▶ **What you have to do**: In your copy, each record should read exactly as it does below, and no pictures should be present.

======== Dataset excerpts

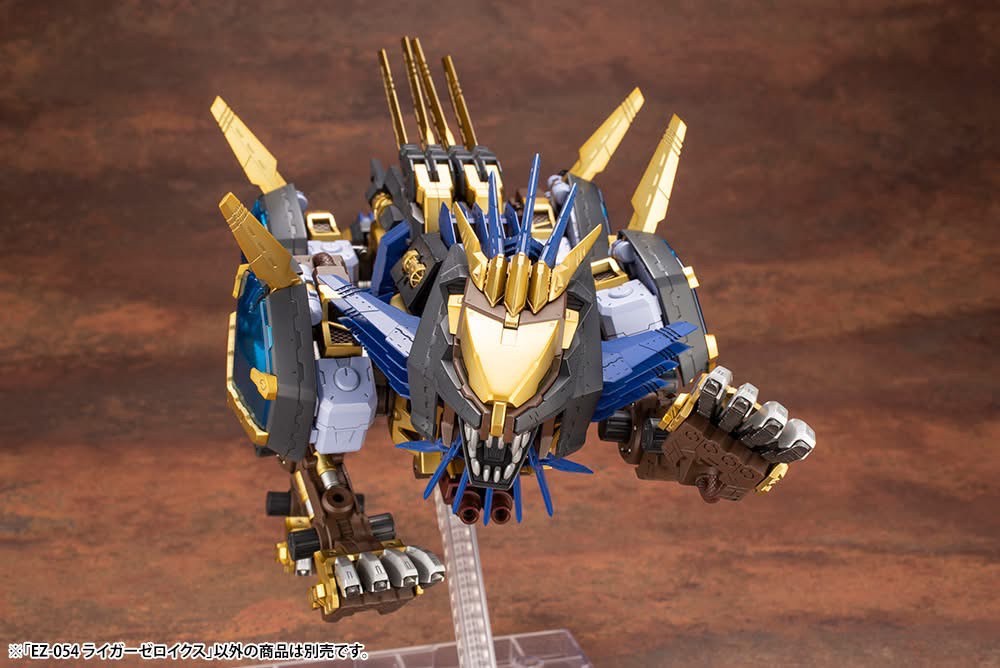Pre-order : 1/72 Zoids: EZ-054 Liger Zero X Plastic Model Kit by Kotobukiya (Reissue)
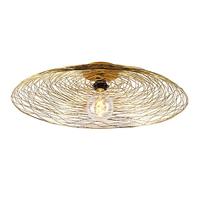 QAZQA Oosterse plafondlamp goud 60 cm - Glan - thumbnail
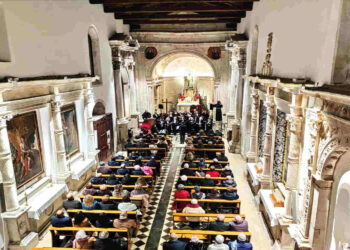 Anno Giubilare 2025, esibizione canora al Santuario di San Francesco all'Immacolata a Comiso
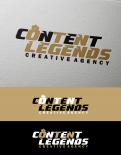 Logo & Huisstijl # 1221555 voor Rebranding van logo en huisstijl voor creatief bureau Content Legends wedstrijd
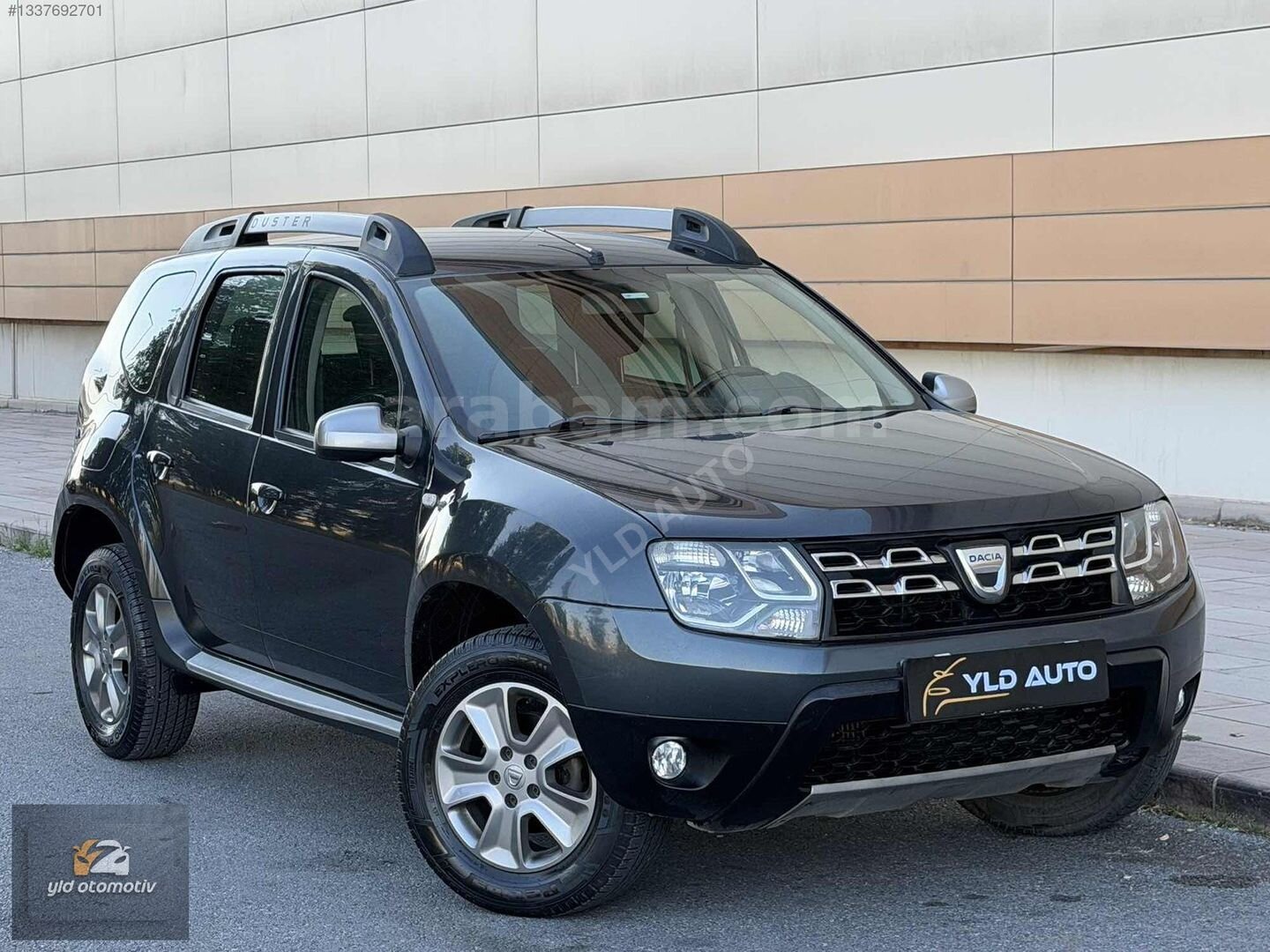 HATASIZ 99 BİN KM'DE DACİA DUSTER 1.5 DCİ LAUREATE İLK EL 2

================

▶ **Task result**:
Pre-order : 1/72 Zoids: EZ-054 Liger Zero X Plastic Model Kit by Kotobukiya (Reissue)
 QAZQA Oosterse plafondlamp goud 60 cm - Glan - thumbnail
 Anno Giubilare 2025, esibizione canora al Santuario di San Francesco all'Immacolata a Comiso
 Logo & Huisstijl # 1221555 voor Rebranding van logo en huisstijl voor creatief bureau Content Legends wedstrijd
 HATASIZ 99 BİN KM'DE DACİA DUSTER 1.5 DCİ LAUREATE İLK EL 2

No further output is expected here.